Since the riots, there have been three National level Enquiry Commissions. All exonerated Modi and found little state complicity. But Modi remains accused by Indian secularists, human rights organisations and the west which refused him Visas.

It should not be forgotten that India has a record of politically orchestrated communal violence allegedly instigated by the ruling Congress Party, particularly in the organised massacre of Sikhs in 1984 after the death of Indian Prime Minister, Mrs Gandhi. More than 4000 Sikhs were burnt, bludgeoned or axed to death by a mob armed with kerosene, tyres and addresses of Sikhs.
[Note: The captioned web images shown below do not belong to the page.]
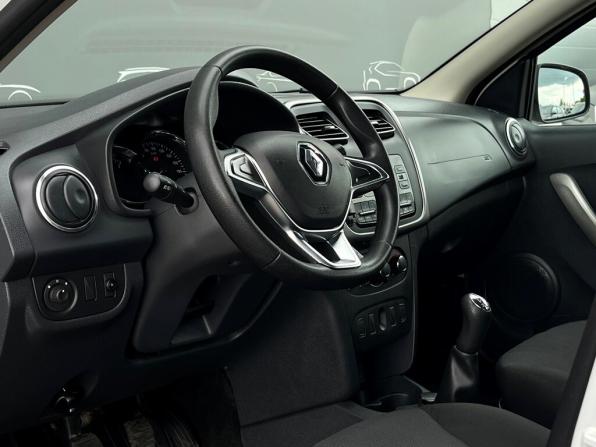 Renault Logan II Рестайлинг с пробегом 2019 года, цена 719 700 рублей, 125571 км, седан, Автокод Объявления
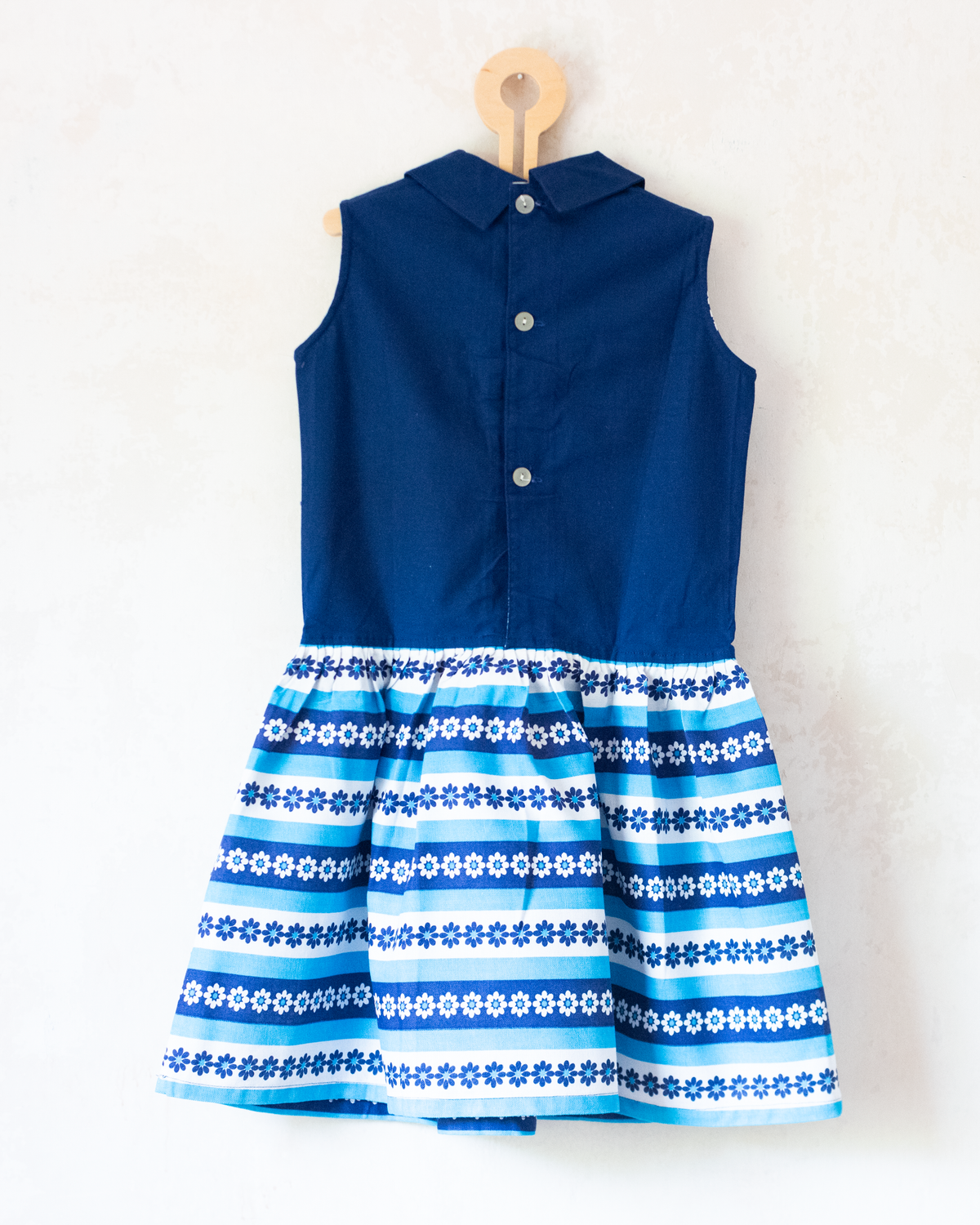 Blue dress with flowers | French deadstock from the 70s | 6-7 years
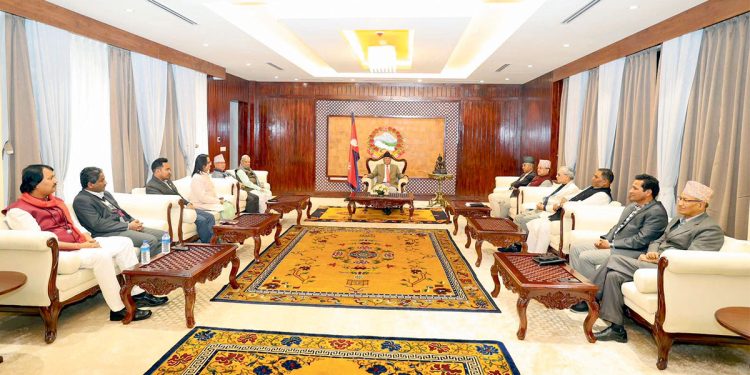 अर्थतन्त्र सुधार्न सरकारले सार्वजनिक खर्च कटौती गर्ने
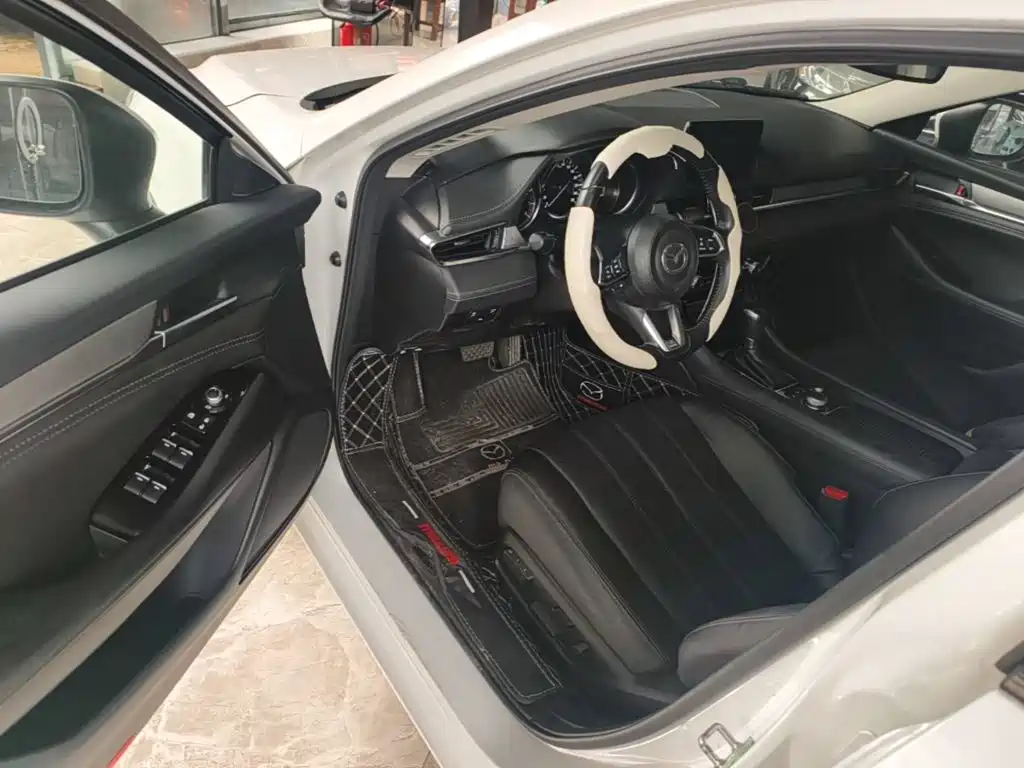 Mazda Atenza — миниатюра 16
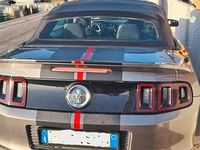 Usata Ford Mustang Convertible 379 CV (278 kW) 2013 Grigio Cabrio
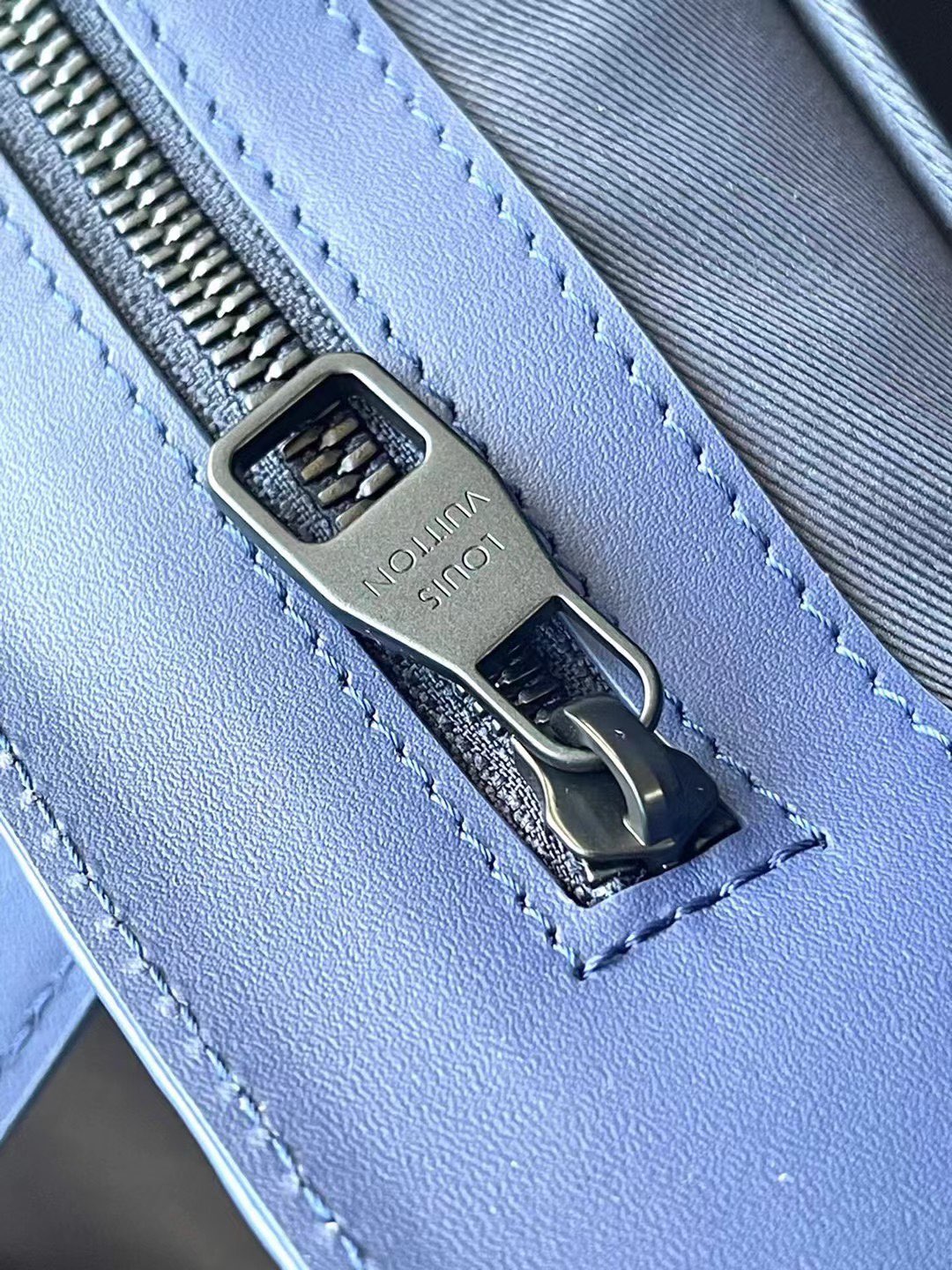 LOUIS VUITTON SAC PLAT 24H 41 IN SAPPHIRE BLUE MONOGRAM EMBOSSED TAURILLON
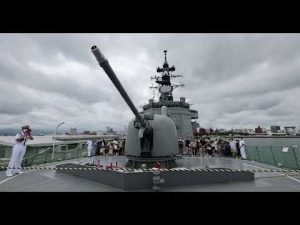 護衛艦いなづま 62口径76mm速射砲 操法展示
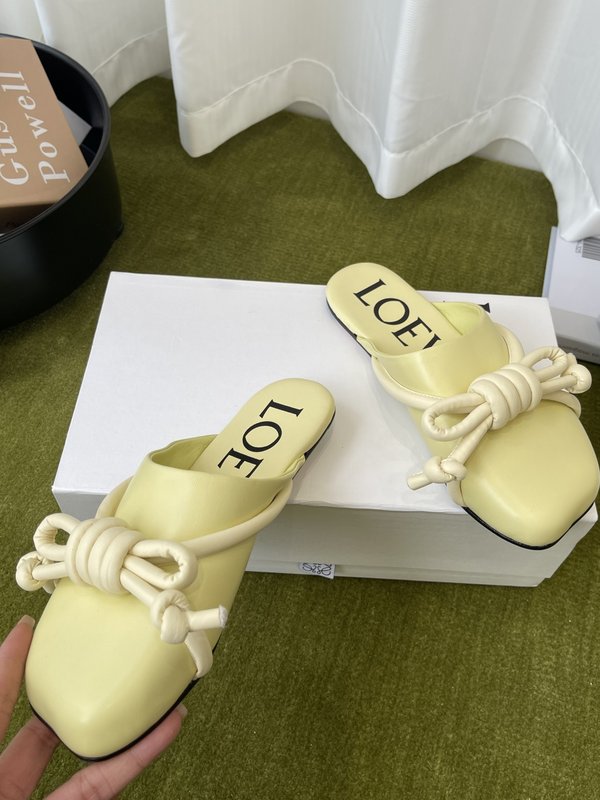 LOEWE 빈티지 반슬리퍼 001-278884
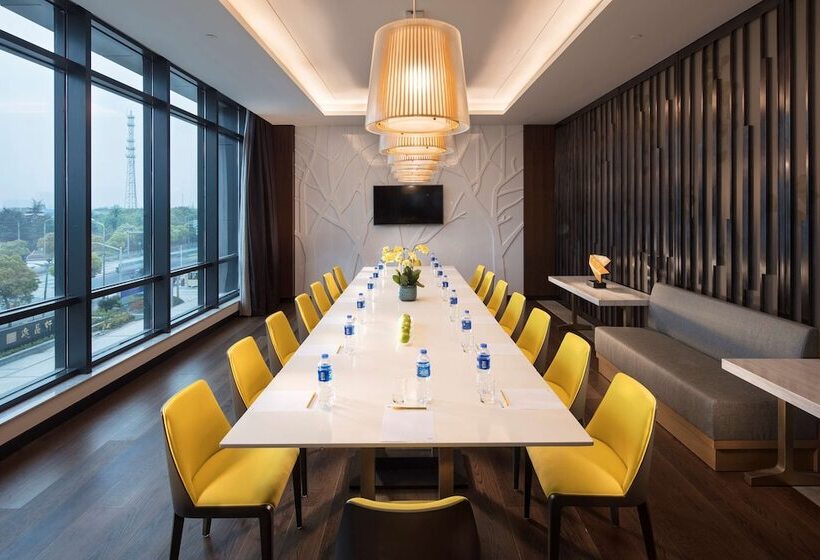 호텔 Hilton Garden Inn Shanghai Hongqiao Necc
Nine major Commissions have sat on Delhi 1984 massacres duplicating police work, but not asking why riots occur recurrently in India. Most Commissions implicated the Congress Party, the police and the administration. Some even named senior Congress leaders. 30 years later no senior Congress member has been convicted.

In all the major communal riots, no senior Indian leader (especially Congress leaders) has been persistently accused let alone vilified by the Indian media and political class. Except Modi. Why?

Modi is accused of negligence in the Godhra riots. No similar accusation have been made against Congress leaders of 1984. Mrs Gandhi's son, Rajiv Gandhi, dismissed the riots with, "when a big tree falls, the earth shakes". He became PM. The then Home Minister, Narasihma Rao, whose responsibility it was to direct the police and call in the army, not only has never been accused of Res_ipsa_loquitur but become Prime Minister too. No 'ethical' western country flagged his negligence let alone refuse him visas.

Modi has been different say his friends. He maintained meticulous record of official instructions in the post Godhra incident. He even moved court for death sentence for Kodnani, his minister. This disturbs the political class.

In the ten years he has been in power, Modi has reached out and taken decision steps to prevent recurrent communal riots in a state where riots were common. In contrast, communal riots are commonplace in the rest of the country (77,565 public order crimes comprising riots and arson in 2011, Indian Home Ministry pp 51)

His economic achievements disturb other politicians. Modi is running a successful economy in his state whereas India's national economy is faltering and the Indian Rupee fast losing value.

But what is scaring other parties is that Modi is offering Indians an identity, something that to date has been confined to a passport and territorial boundary. He says he is a Hindu and wears it proudly on his sleeve. But he says he respects all faiths. Many ordinary Indians, including many Muslims in Gujarat, prefer him to the secularists who insist people put their religion in their pockets and pretend that faith does not matter in Indian Statecraft.

Modi is a renown strategist and has yet to play his cards. He remains an enigma. As the Congress party makes Godhra riots a central issue in the next election to harvest Muslim votes, perhaps Modi can throw in the Congress party orchestrated 1984 massacre of Sikhs in the ring. This will finally offer Sikhs a national debate.

The 2014 elections will determine India's ideological future, between more of the communal riots infested 'secularism' (668 incidents in 2012 pp69) or an allegedly communal but pluralistic politics led of BJP by Modi who has already established a riots free record after Godhra.

As for the 'ethical' west and its visas. Ethics is a noble virtue in western democracies. But a nobler virtue, as Obama eloquently stated on Egypt, is 'national interest'. EU and Britain have lifted Modi's visa restriction.